Petitioner Oasis Core Investments Fund Ltd. brings this application for discovery
in a foreign proceeding pursuant to 28 U.S.C. § 1782. The underlying foreign action is a
shareholder appraisal rights proceeding in the Supreme Court of Bermuda arising from
a transaction, completed on September 28, 2023, in which Triton International
Limited—a lessor of intermodal freight containers—was taken private through an
acquisition of shares by Brookfield Infrastructure Corporation (“BIPC”) and its
affiliated entities (together, “Brookfield”). 1 (ECF No. 2-15.) Goldman Sachs advised
Triton on the transaction.
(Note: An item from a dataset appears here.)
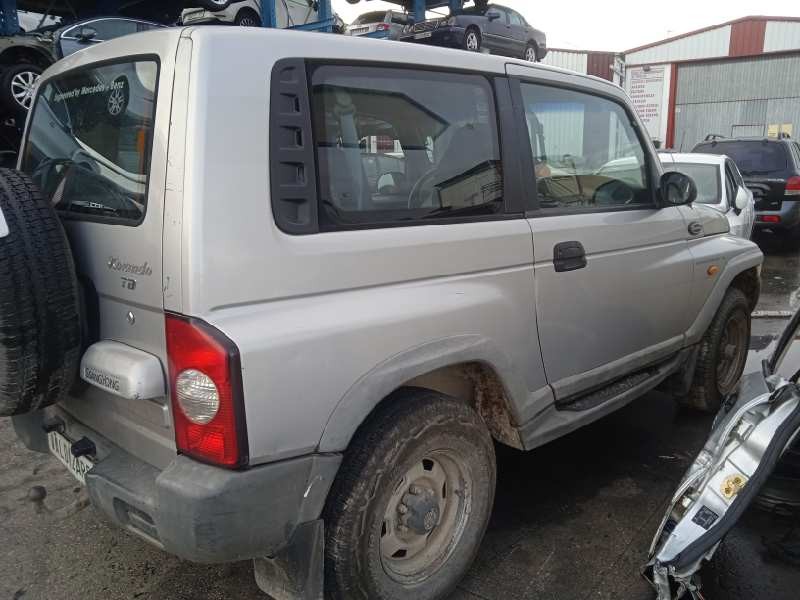 ssangyong korando del año 1999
Oasis, the sole dissenting shareholder to the transaction, has
initiated an appraisal proceeding in the Supreme Court of Bermuda to determine the
fair value of its Triton shares.
Pursuant to Section 1782, Oasis initiated this application for foreign discovery
materials from BIPC—the buyer in the transaction—as well as the affiliated Brookfield
entities and Goldman Sachs. (ECF No. 1.) In particular, Oasis seeks discovery from
Brookfield about the fairness of the transaction price, the process by which the price
was determined, negotiations, financial analyses regarding the transaction, alternative
transactions considered, Triton’s independence from the buyer, and Triton’s valuation.
(ECF No. 4 at 7-8.) Oasis’s requests are limited to the approximately 17 months between
April 1, 2022—the month before Brookfield initiated discussions about the transaction—
and August 24, 2023. (ECF No. 2-1 at 5; ECF No. 2-6 at 55.)
The affiliated Brookfield entities are Brookfield Infrastructure Fund V-A, L.P., Brookfield
Infrastructure V-B, L.P., and Brookfield Infrastructure V-C, L.P.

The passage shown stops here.